Omp_target_alloc never returns NULL

Hi,

I have a code snippet that tries to allocate more memory every try and returns the max amount of pinnable memory, it is relatively easy to do with the CUDA API (asking for free memory), but I need to implement it without CUDA API for other backends such as OpenMP.

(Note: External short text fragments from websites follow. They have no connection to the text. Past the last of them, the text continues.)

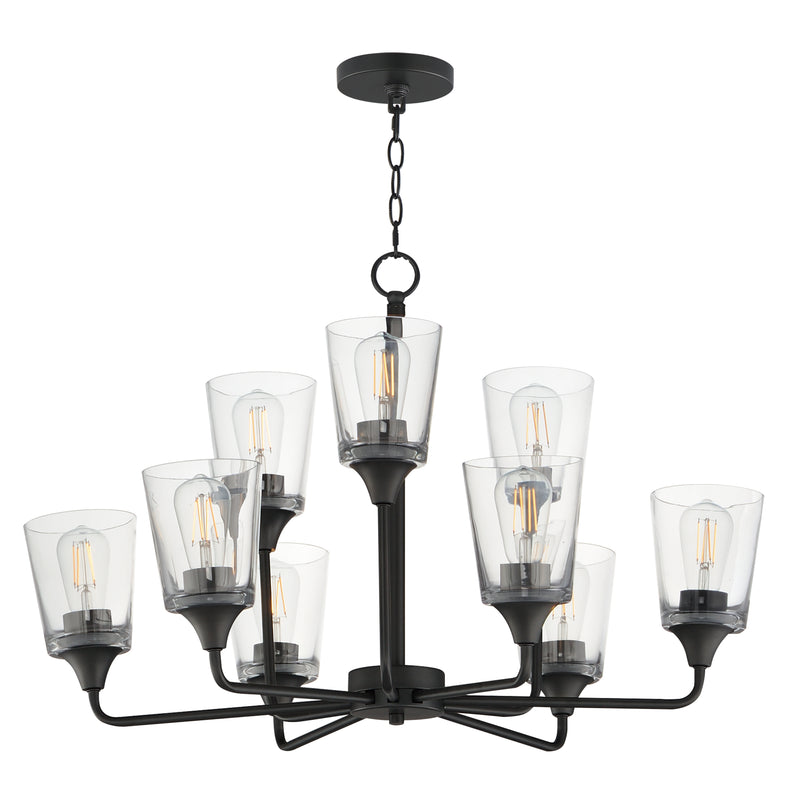 Maxim 12879CLBK Hudson 9 Light Two Tier Chandelier | Black
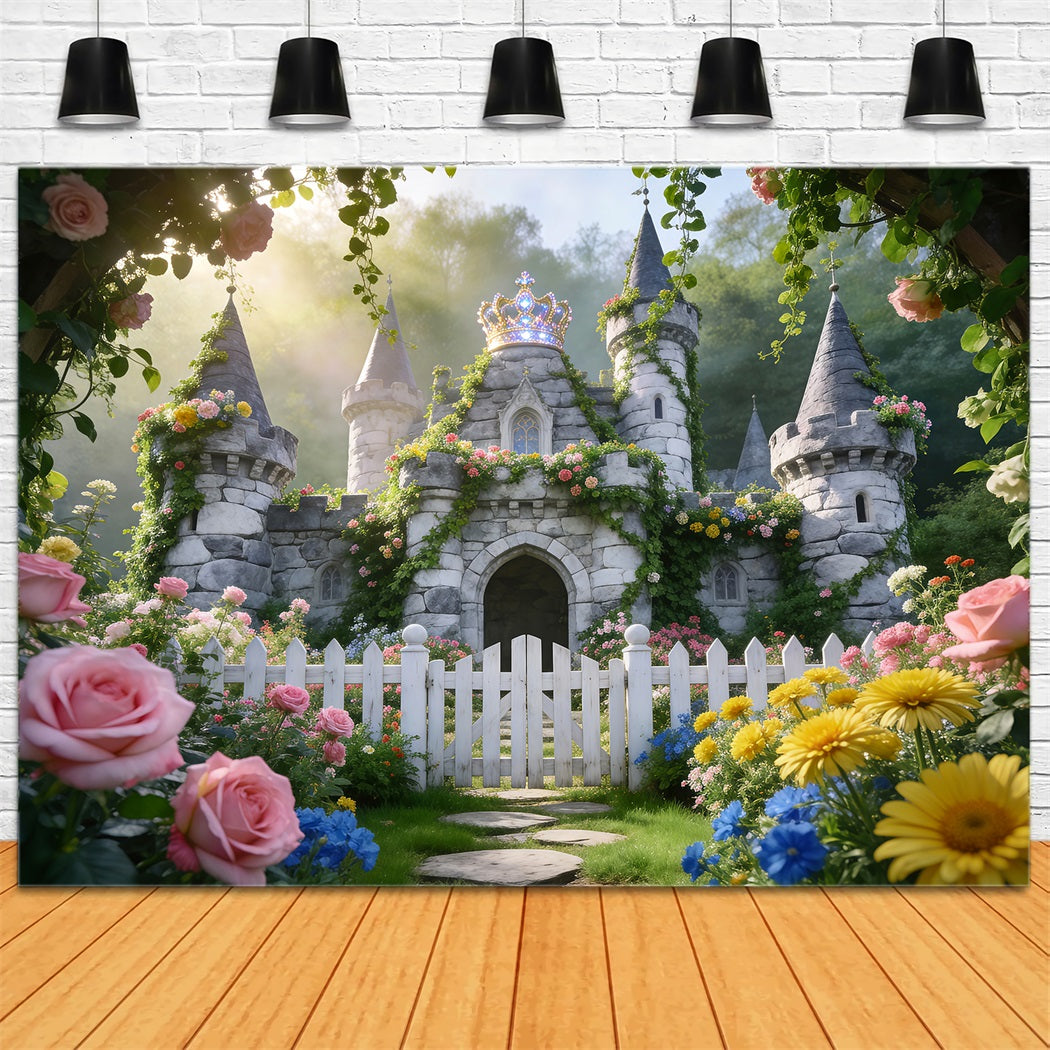 Spring Floral Backdrop Fairytale Castle Garden Bloom Photo Backdrop Spring UK RR62-26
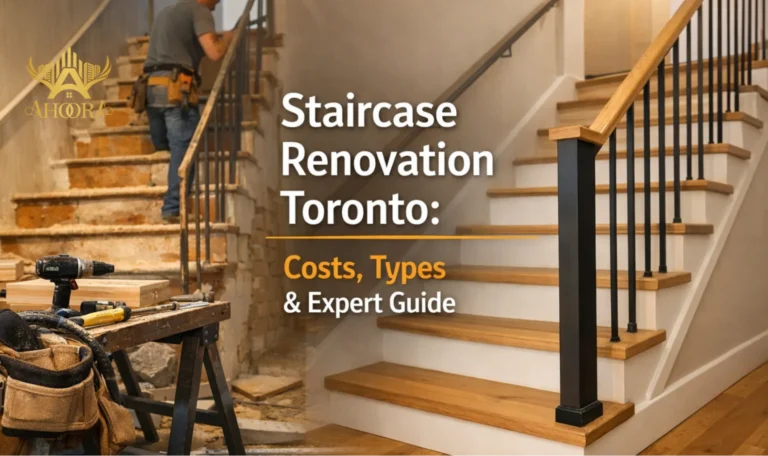 modern wooden staircase renovation in a Toronto home interior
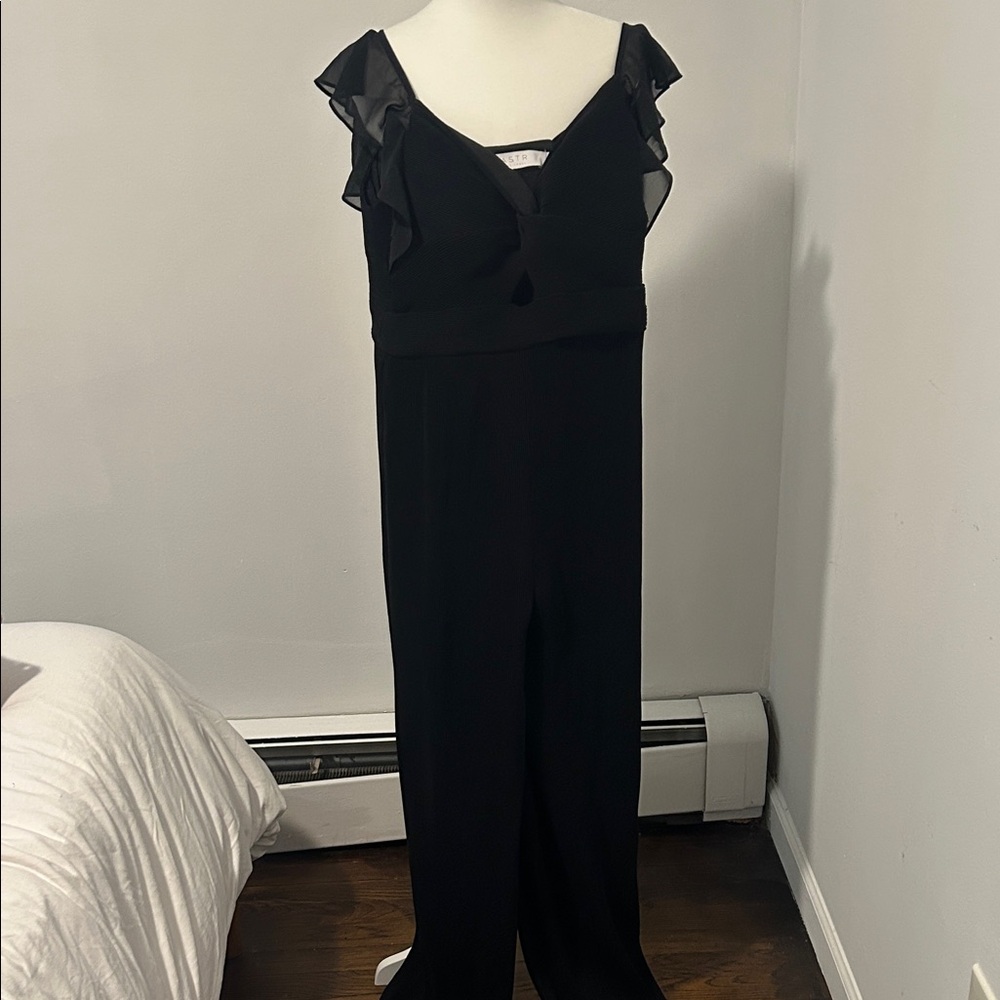 Anthropologie Astr Black Ruffle Sleeve Jumpsuit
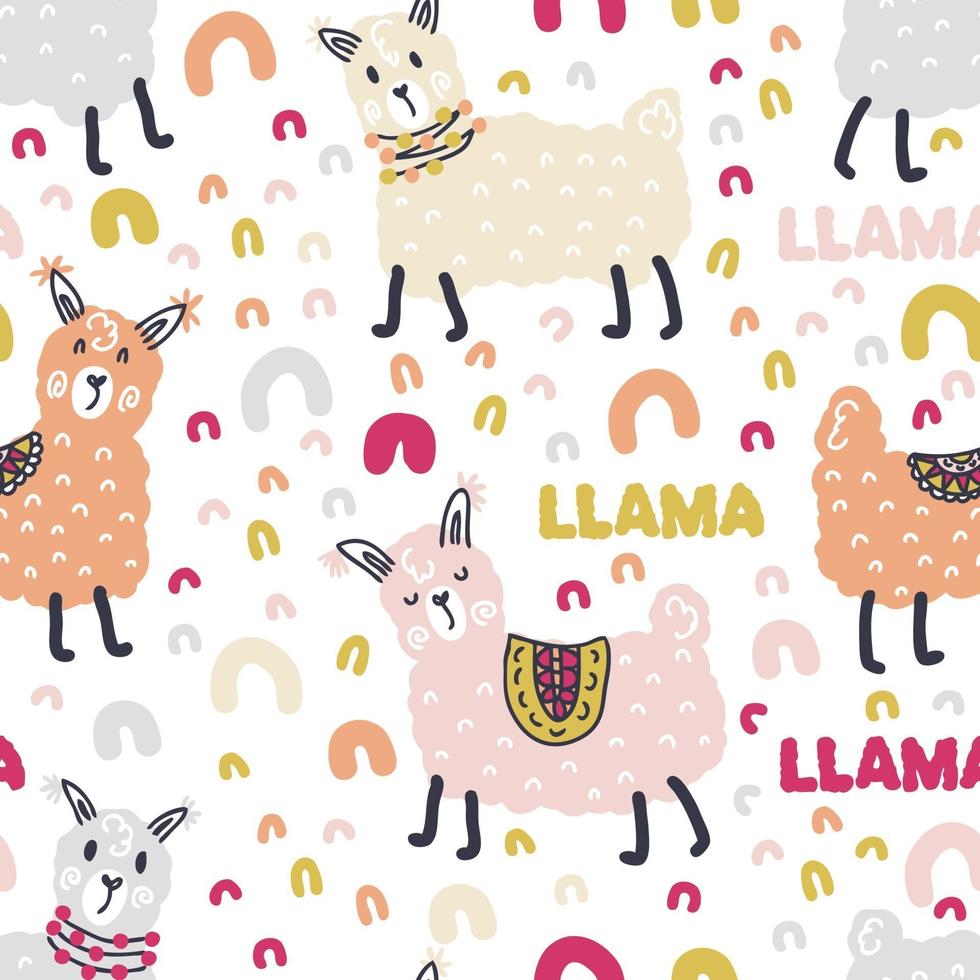 Free hand drawing vector seamless pattern llamas and text LLAMA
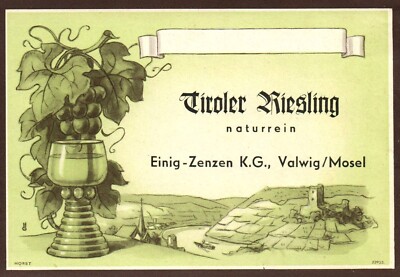 Vintage German Wine Label 1960s Tirol Riesling Zenzen Mosel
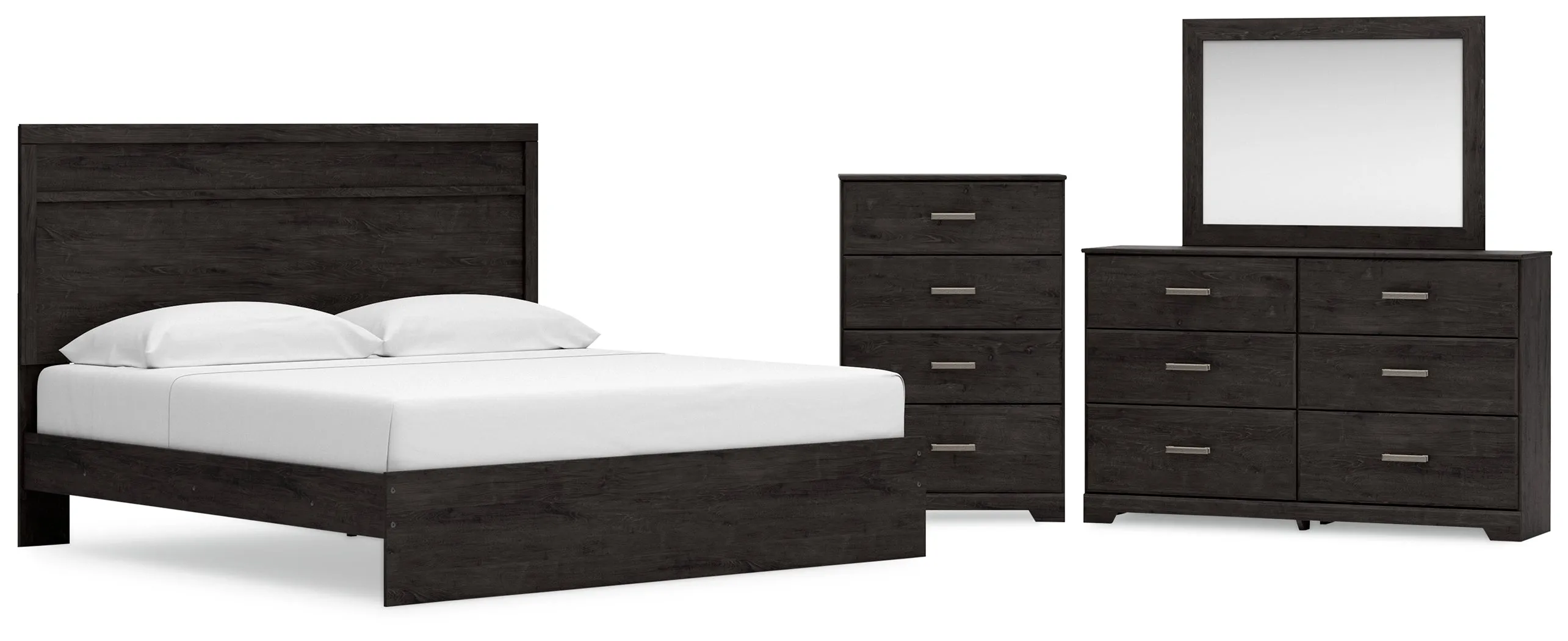 Belachime King Panel Bed with Mirrored Dresser and Chest in Charcoal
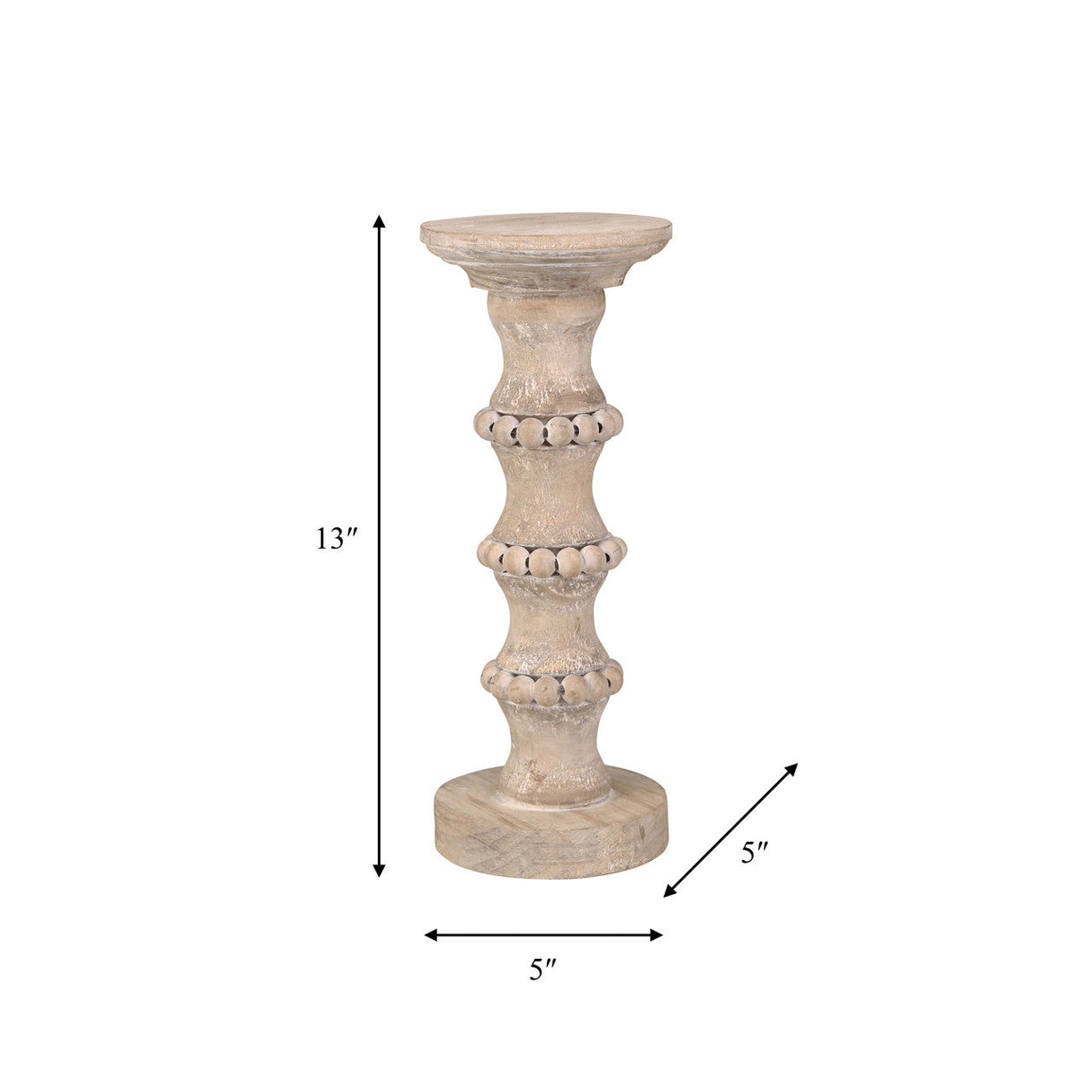 Wooden 13" Antique Style Candle Holder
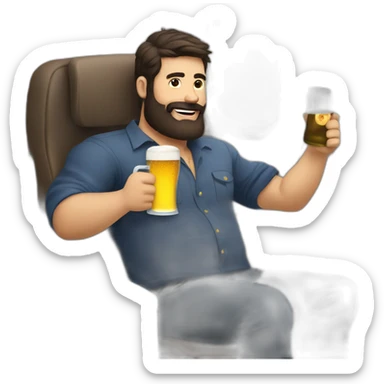 Dark hair beard man drinking beer riding outside a plane sticker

We are using the Nvidia NVHPC compiler suite.
The code looks as follows:

size_t allocableSize(size_t base, int deviceId){
bool allocSuccess = true;

// Base is the alignment size, any modern gpu will have ~1 gb of memory
// Then we will keep trying to allocate more and more each try +1 ~1gb
// The minimum increment will be ~250 mb which a multiple of base
size_t min = static_cast<size_t>(2.5 * 1e8);
while (base < min){
    base += base;
}
size_t sizeToAlloc = base;

do {
    char* allocatedMemory = nullptr;
    std::cout << "Try to alloc: " << static_cast<double>(sizeToAlloc * 1e-9) << " GB" << std::endl;
    try{
        char* allocatedMemory = new char[sizeToAlloc];
        void* u = omp_target_alloc(sizeToAlloc, deviceId);
        if (u == NULL){
            throw std::runtime_error("No memory (omp_target_allocs)");
        } else {
            omp_target_free(u, deviceId);
            u = NULL;
        }
        #pragma omp target enter data map(to: allocatedMemory[0:sizeToAlloc]) device(deviceId)
        {}
        #pragma omp target update from(allocatedMemory[0:sizeToAlloc]) device(deviceId)
        {}
        sizeToAlloc += base;
        free(allocatedMemory);
    } catch (int errCode) {
        free(allocatedMemory);
        allocatedMemory = nullptr;
        allocSuccess = false;
    }
} while (allocSuccess);

std::cout << static_cast<double>((sizeToAlloc - base) * 1e-9) << " GB can be allocated" << std::endl;
return sizeToAlloc - base;

}

I would expect ~3.6 for my GPU I am currently testing the code with, if I only have omp_target_alloc then the do while loop never breaks, and if I use omp target enter data clause then I got a runtime error, that is impossible to catch, an example output:

Try to alloc: 0.268435 GB
Try to alloc: 0.536871 GB
Try to alloc: 0.805306 GB
Try to alloc: 1.07374 GB
Try to alloc: 1.34218 GB
Out of memory allocating 1342177280 bytes of device memory
Failing in Thread:1
total/free CUDA memory: 4091478016/1325793280
Present table dump for device[1]: NVIDIA Tesla GPU 0, compute capability 8.6, threadid=1
Hint: specify 0x800 bit in NV_ACC_DEBUG for verbose info.
host:0x7fb5f9fff010 device:0x7fb5b8000000 size:1073741824 presentcount:0+1 line:29 name:allocatedMemory[:sizeToAlloc]
host:0x7fb66bfff010 device:0x7fb63a000000 size:805306368 presentcount:0+1 line:29 name:allocatedMemory[:sizeToAlloc]
host:0x7fb6bdfff010 device:0x7fb69c000000 size:536870912 presentcount:0+1 line:29 name:allocatedMemory[:sizeToAlloc]
host:0x7fb71e7ff010 device:0x7fb6e2000000 size:268435456 presentcount:0+1 line:29 name:allocatedMemory[:sizeToAlloc]
allocated block device:0x7fb5b8000000 size:1073741824 thread:1
allocated block device:0x7fb63a000000 size:805306368 thread:1
allocated block device:0x7fb69c000000 size:536870912 thread:1
allocated block device:0x7fb6e2000000 size:268435456 thread:1
call to cuMemAlloc returned error 2: Out of memory

In OpenMP standard it says that if the memory cannot be allocated it should return NULL therefore I believe that if the memory cannot be allocated then it should terminate before the target enter data map clause fails.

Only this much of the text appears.